Talvez o maior símbolo da falta de planejamento de uma cidade, no maior sentido da palavra, sejam os postes. Parte do nosso dia dia, das nossas vistas, eles são ignorados pela maioria das pessoas. Mas estão ali, como troféus do descaso, como lembranças incessantes de que, nesta cidade, pouco ou quase nada se faz - ou fez - para prever o futuro.
Os postes de São Paulo não são postes comuns. Como diz um amigo meu, são verdadeiras usinas elétricas. Dezenas de fios emaranhados, jogados, se entrelaçam correndo pelas vias, ligados em casas, prédios, favelas, misturados sobre árvores que ficam em calçadas esburacadas, apertadas, com camelôs, lixo na rua e cidadãos que não respeitam o trânsito.
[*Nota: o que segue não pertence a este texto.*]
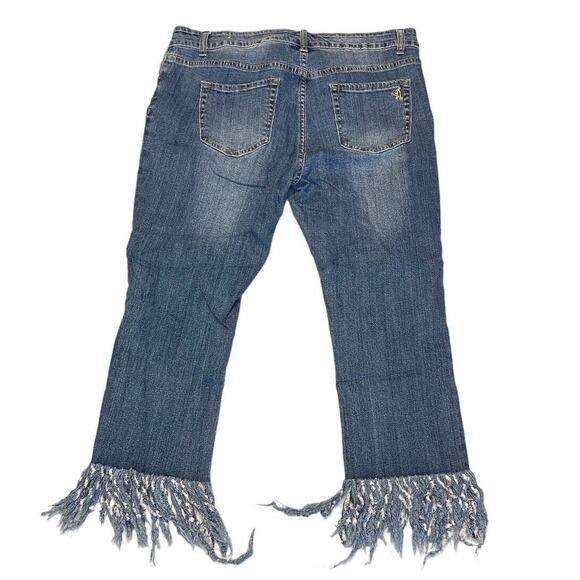 VIP Womens Jeans Straight Leg Stretch Raw Hem Festival Boho Medium Wash 15/16 - Picture 3 of 6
Aqueles postes fazem mais do que deixar a cidade feia, mais vulnerável a quedas de luz e acidentes com pipas ou afins. Eles fazem a gente lembrar, todo dia, em nosso caminho para o trabalho, que esta cidade provavelmente nunca terá jeito. O prefeito Haddad falou, este ano, que quer remover a fiação da cidade. Isso vai custar milhões. É louvável que o prefeito fale isso, e eu torço fervorosamente para que ele consiga realizar a promessa. Mas não conseguirá. Porque em São Paulo (e no Brasil), tudo demora. E quatro anos (ou oito) é muito pouco para ele resolver esse problema. Até porque há outros problemas, muito maiores e mais significantes do que enterrar fios de poste.
São Paulo é um poço sem fim de problemas. E parece que todos eles emperram em uma máquina velha, sem manutenção, que é o sistema. O sistema tributário. Com preços ridículos, mescla de impostos abusivos e lucros exagerados. O sistema de esgoto. Com rios que fedem e envergonham o paulistano e bairros ricos que despejam seus dejetos em qualquer lugar. O sistema de trânsito, que tem obras superfaturadas que já nascem velhas e motociclistas que não sabem o que é respeito. O sistema de segurança, em que 37 estupros por dia passam diante dos olhos em notícias no elevador e quase não causam espanto. Ou que ir a um restaurante é um risco de assalto duplo - seja pela casa, com seus preços que estão entre os mais altos do mundo -, ou pelos bandidos, que fazem arrastão livremente.
Eu já desisti de São Paulo. Claro, ainda faço minha parte. Ainda atravesso na faixa, aproveito a cidade, jogo o lixo no local correto e tento, na medida do cidadão normal, cooperar com o trânsito. E louvo aqueles que fazem o bem pela cidade. Admiro, quase invejo. Mas minha desesperança é tanta, tamanha, que parece não ter volta. Penso em ter filhos, sim, mas tenho medo de criar alguém que irá conhecer esse local mundano, sujo, que infelizmente é o centro de negócios mais importante do País. Maldita São Paulo.